Arrivé de Kharkiv il y a cinq mois avec son épouse et leur petit garçon, Vadim Zubko a troqué le costume cravate de banquier pour la tenue de boulanger à Saint-Georges-de-Didonne. Un nouveau métier à mille lieues de son ancienne vie, par nécessité.
"Je ne dirais pas que c'est le job de mes rêves". Une petite lame à la main, il donne des coups de rasoir secs et méthodiques sur les pâtons disposés sur sa table de travail. Il ne s'arrête pas de travailler en lâchant cette phrase. Même dans un anglais un peu hésitant, son message est très clair : Vadim Zubko ne souhaite pas être boulanger "toute sa vie".
Arrivé d'Ukraine il y a cinq mois avec son épouse Nastia et leur petit garçon de six ans, il était employé de banque à Kharkiv. Comme nombre de ses compatriotes, il s'est réfugié en France. Mais sans parler un mot de français, impossible de conserver le même métier. Pas question non plus de "dépendre uniquement des aides du gouvernement français."
J'ai compris que j'avais besoin d'un emploi. Je ne voulais pas rester assis à la maison. Donc j'ai trouvé un travail.

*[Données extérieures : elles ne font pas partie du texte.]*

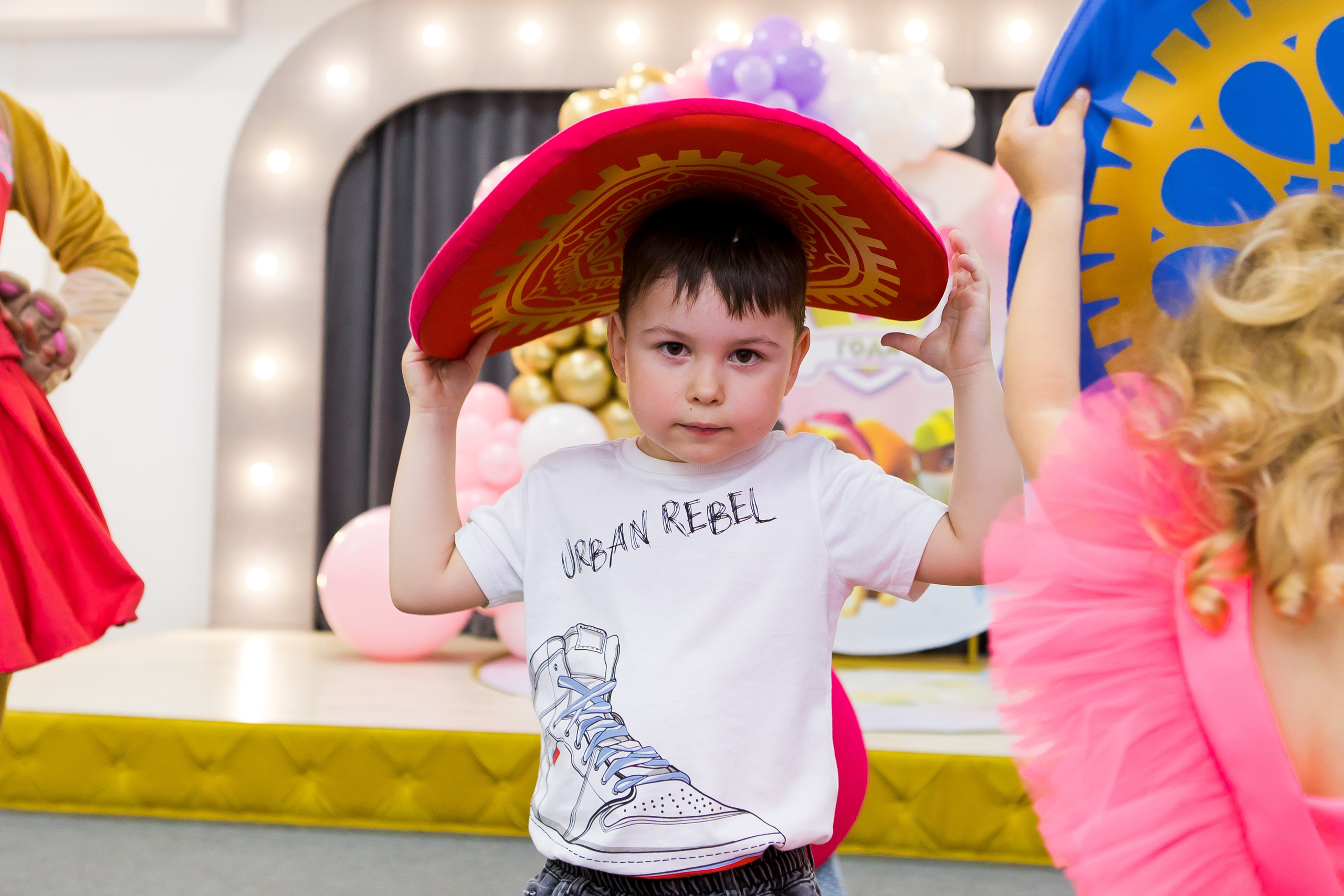 Детские праздники. Фотограф в Тамбове Ольга Мельникова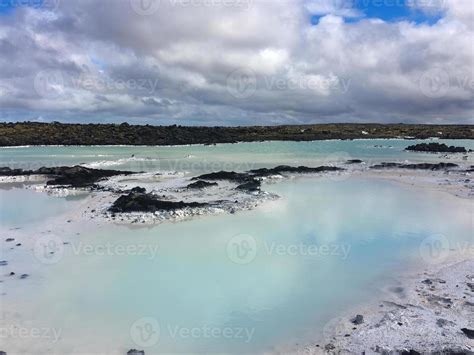 Grindavik Blue Lagoon View 20333956 Stock Photo at Vecteezy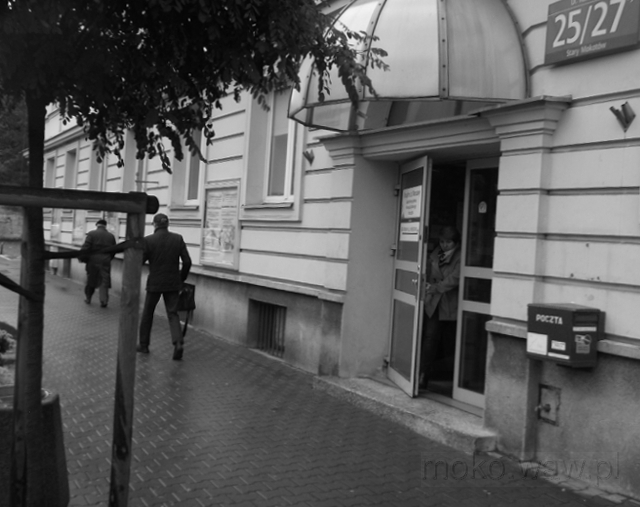 Rakowiecka, 2016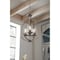 Progress Lighting Lassiter Collection Three-Light Brushed Nickel Foyer P500209-009 - alternate 6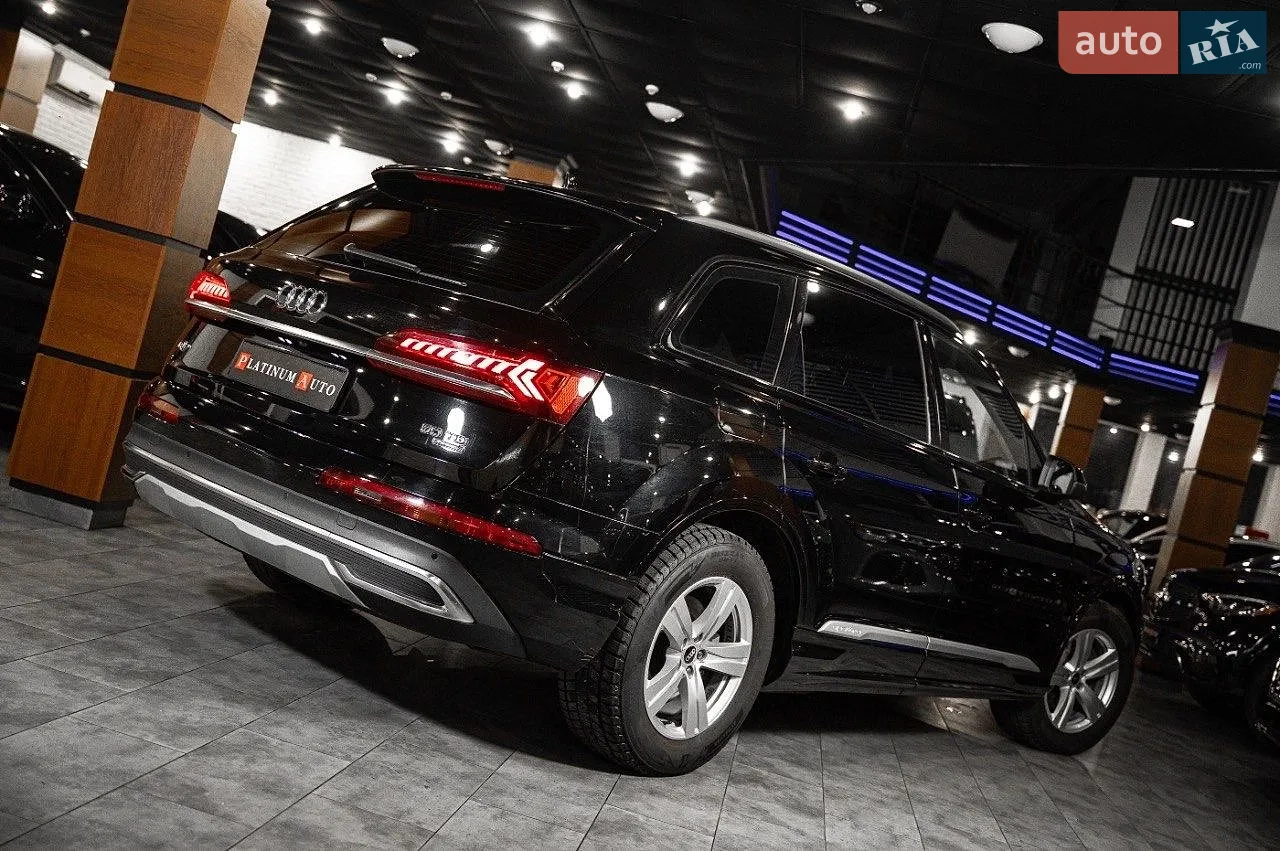 2021 Audi Q7 - мініатюра 3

Vadim Zubko, réfugié ukrainien
Depuis plusieurs mois, c'est dans la boulangerie de Valéry Valette que Vadim gagne sa vie. De la finance à la boulange, la transition s'est opérée comme une nécessité. "Avant, j'avais des rendez-vous avec des clients, maintenant je fais des baguettes, explique-t-il, c'est différent, mais on apprend avec de la volonté." Et avec Valéry qui lui a donné sa chance.
Gagnant-gagnant
Entre l'apprenti et son employeur, la rencontre s'est faite autour du pain. "Je m'étais engagé à aider les réfugiés ukrainiens et donc je leur portais des baguettes tous les jours à Semussac", raconte le commerçant. "En me remerciement, Vadim m'a dit qu'il voulait travailler pour moi. Je lui ai dit que banquier et boulanger, ce n'était pas le même métier, mais il m'a répondu qu'il voulait quand même essayer."
Le premier contrat de quinze jours s'est transformé en contrat pour l'été. "Vadim est quelqu'un de très intéressant et très appliqué dans son travail, il m'a prouvé qu'il a su s'adapter à ce nouveau métier", raconte le boulanger saint-georgeais qui, à la fin août, a décidé de prolonger leur collaboration pour deux mois supplémentaires.
Lui qui manquait de main d'œuvre a trouvé en Vadim un coup de pouce inattendu.
Tout le monde sait qu'aujourd'hui, on a beaucoup de mal à recruter dans nos métiers. Donc quand il s'est proposé, je ne pouvais pas dire non.
Valéry Valette, boulanger
Un goût de normalité
Pour Vadim et sa famille, cette nouvelle vie en France a comme un goût de normalité retrouvée. Son fils de six ans fréquente l'école et le club de football local. Son épouse a trouvé un emploi dans le restaurant voisin. Tous les trois apprennent le français, le regard tourné vers leur pays. "On veut rentrer en Ukraine, c’est notre pays. Avant la guerre, on n’avait jamais imaginé notre vie ailleurs. Nous voulons construire nos vies là-bas" confie Vadim. Nastia est à ses côtés, elle acquiesce.
Le couple le sait, le retour au pays n'est pas pour tout de suite. "Je parle très souvent avec mon frère qui est resté combattre là-bas et j'ai peur pour lui", souffle celui qui se désespère de voir le conflit se terminer rapidement.
À la fin du mois d'octobre, son contrat à la boulangerie prendra fin. Valéry Valette envisage déjà de proposer à Vadim de rester "si il le souhaite", et même de prendre en charge sa formation pour devenir un "vrai" boulanger. "Pourquoi pas", s'interroge l'intéressé, "mais ici en France, il y a plein de choix possibles."